# My son did good, a triple weekend



## NitroNX898 (Apr 7, 2009)

Took my son the the lease this weekend for his 10 annual birthday bow hunt. Ty turned 16 Friday and was looking forward to this hunt. Saturday morning we woke up to strong winds with gust to 30. I was wanting him to hunt a particular tree stand but with the winds as high as they were I had to put him in another tripod. It wasn't much after day break I got a text saying that he shot a freak. About thirty minutes later I got a picture of this. A 9 pt with a kicker on a kicker. 














That night we switched stands and I got another text that he shot a turkey but he was really wanting to draw on a doe. 
About the time we went to bed I bad storm came through and rained all night.
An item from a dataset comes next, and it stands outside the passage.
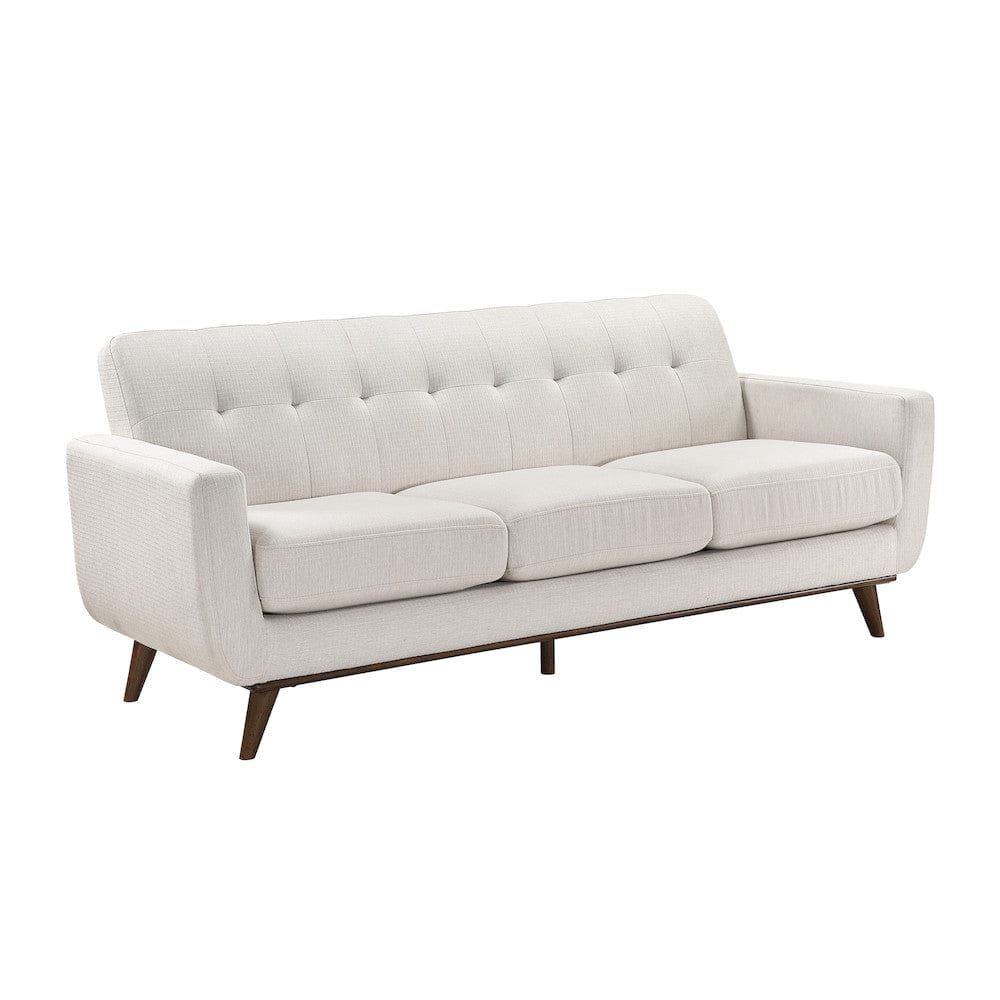 Homelegance  - Martina Sofa in Beige - 8428BE-3  view 2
When I woke up at 5:00am it was still raining and went back to sleep. By 5:30am the sky's cleared and the slight breeze was cool. Not long after daylight I got another text saying there was a really good 8 pt was eating corn. Now he has already shot his buck and only has does left to shoot. So if I let him take this one I will not have a buck for myself. After a few minutes I asked if it was a good by my standards or one by his  because he likes to shoot stuff. When he said it was bigger than anything he has shot. I gave him the go ahead to shoot him. He waited about an hour to go look for him. This is what I found when I arrived. 
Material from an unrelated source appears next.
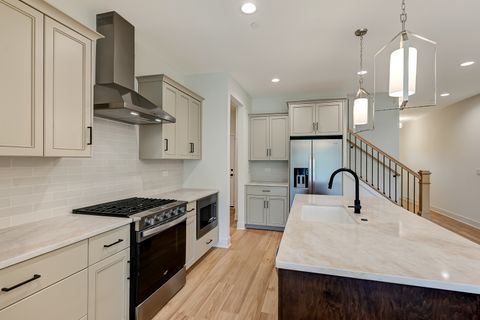 Tiny photo for 14145 S Sheffield Drive #51, Homer Glen, IL 60491 (MLS # 12675548)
My son did good for the first weekend of our season. What is he going to do for the rest of the season


----------



## willeye (Mar 2, 2007)

Very nice.i guess he's going to fish the rest of the year.


----------



## extgreen (Oct 26, 2011)

nice set of horns


----------



## Southern Solutions (Aug 1, 2012)

Very nice, Way to get hi out there dad. Green to you sir and congrats to both of you.


----------



## Chunky (Oct 15, 2006)

fantastic, love that non-typical. Tell him congrats.


----------



## KATILLAC (Jul 27, 2005)

Nice!! What a great weekend.


----------



## NitroNX898 (Apr 7, 2009)

Thanks guys, it seems like yesterday he shot his first turkey with his bow at the age of seven. In two years he will be out of school and I will miss this.


----------